佐々木 明とは何者か? 5回目の五輪を8年振りに目指したわけ

アルペンスキーヤーとして19歳で世界選手権に初出場し、その後ワールドカップデビュー。アジア人最多となる3度の2位表彰台を経験する。オリンピックは2002年のソルトレークシティからソチまで、4大会連続で出場を果たす。

アスリートとして申し分ないキャリアを積んできた佐々木は、ソチ五輪を戦い終えた2014年3月、32歳で競技人生を引退。その後は大自然を滑走するバックカントリーに転身し、「より大きなものへの挑戦」を始める。
「めちゃくちゃ過酷な山に入ったし、誰より早くも滑った。リスク承知で氷河も攻めた。でも、記録は何もない。映像は撮っているから凄いことをやっていると伝わっても、一部の人にだけ。あれ、待てよ?と。“大きな挑戦”だと思っていたものは、本当の挑戦ではないんじゃないか、俺は挑戦を履き違えていたんじゃないかと気が付いた」。

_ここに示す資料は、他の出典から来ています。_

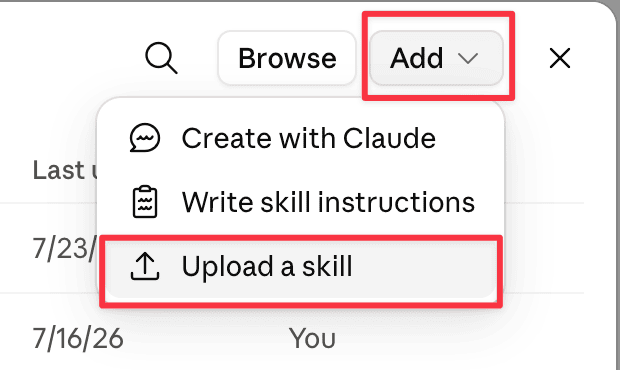 The Add menu open in claude.ai Skills with Upload a skill highlighted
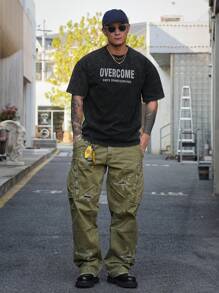 DAZY Áo thun tay ngắn cổ tròn in chữ màu đen dành cho nam, mùa hè - màu đen - Xem 7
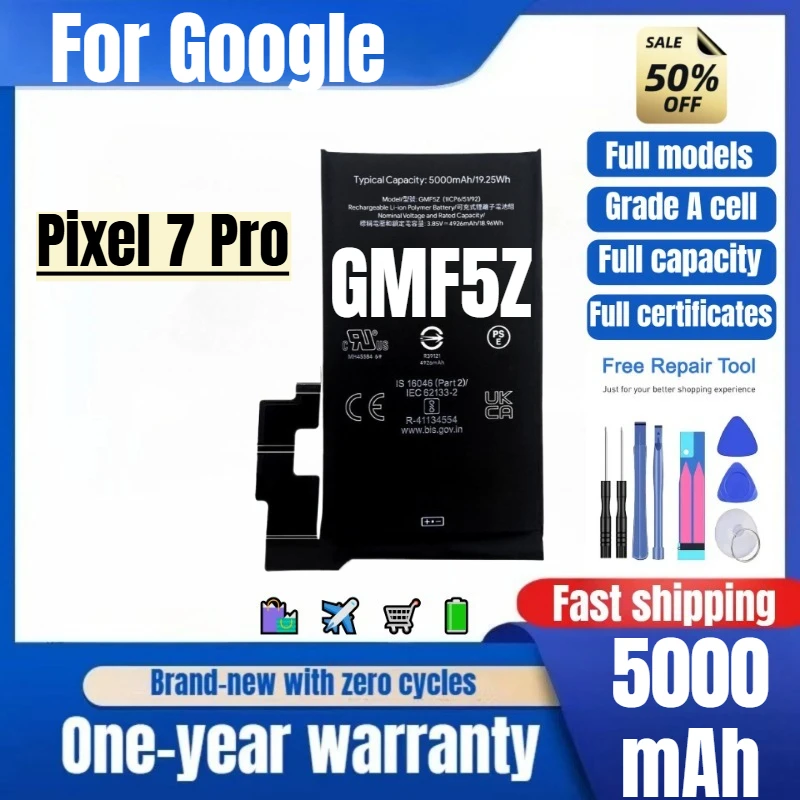 GMF5Z for Google Pixel 7 Pro Phone Battery 0Cycle High Quality High Capacity Battery Replacement Bateria Grade A Cell with Tools
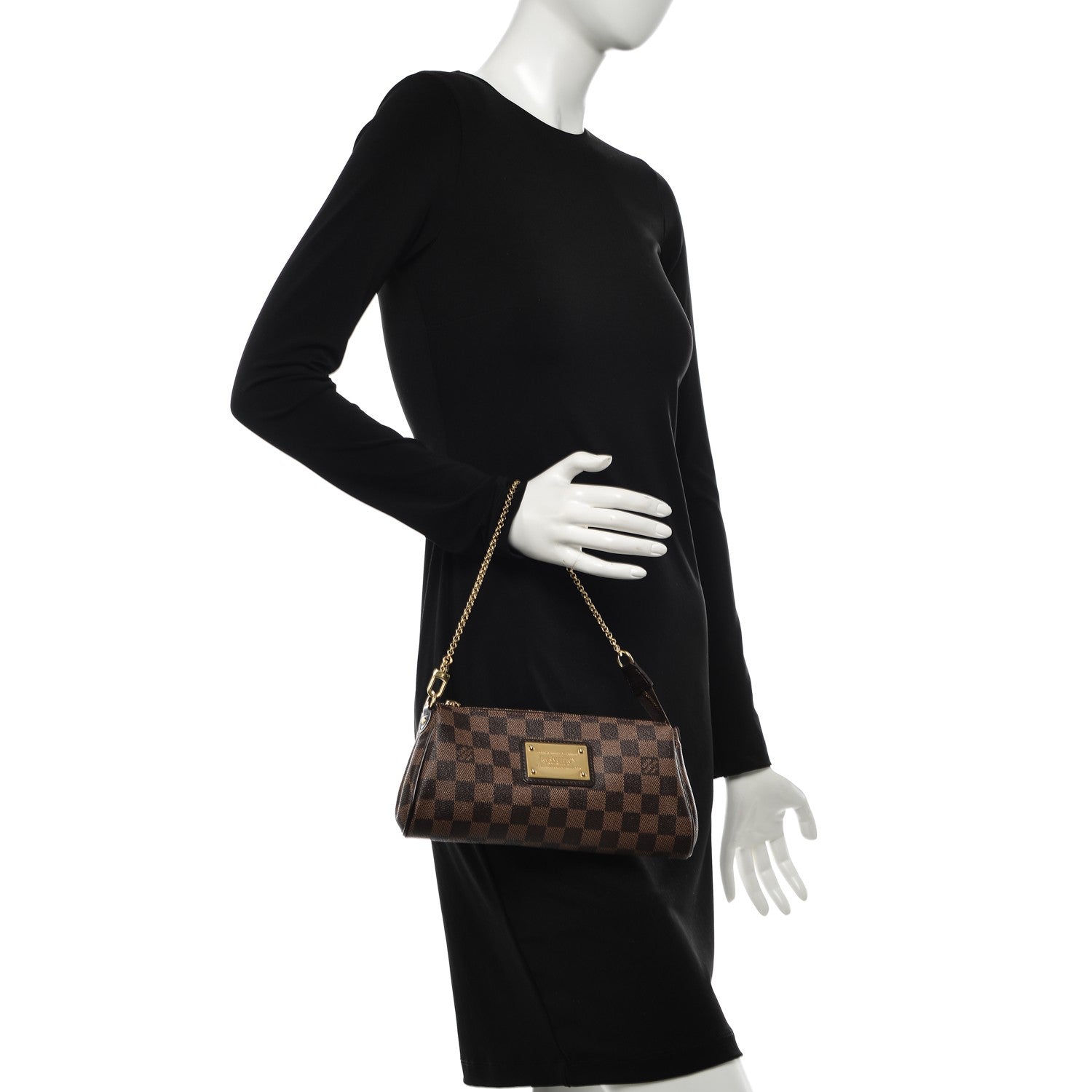 Louis Vuitton Damier Ebene Eva Clutch 2 of 8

コロナ禍だったその頃、東京と北京でオリンピックが立て続けに開催され、佐々木はテレビの前で涙を流したという。
「勝つという目標を持って挑戦している選手たちが羨ましかったし、尊敬できた」。
こうして、40歳になった佐々木に転機が訪れる。
2026年のミラノ・コルティナ冬季五輪を目指し、アルペン競技への現役復帰を宣言。引退から8年が経っていた。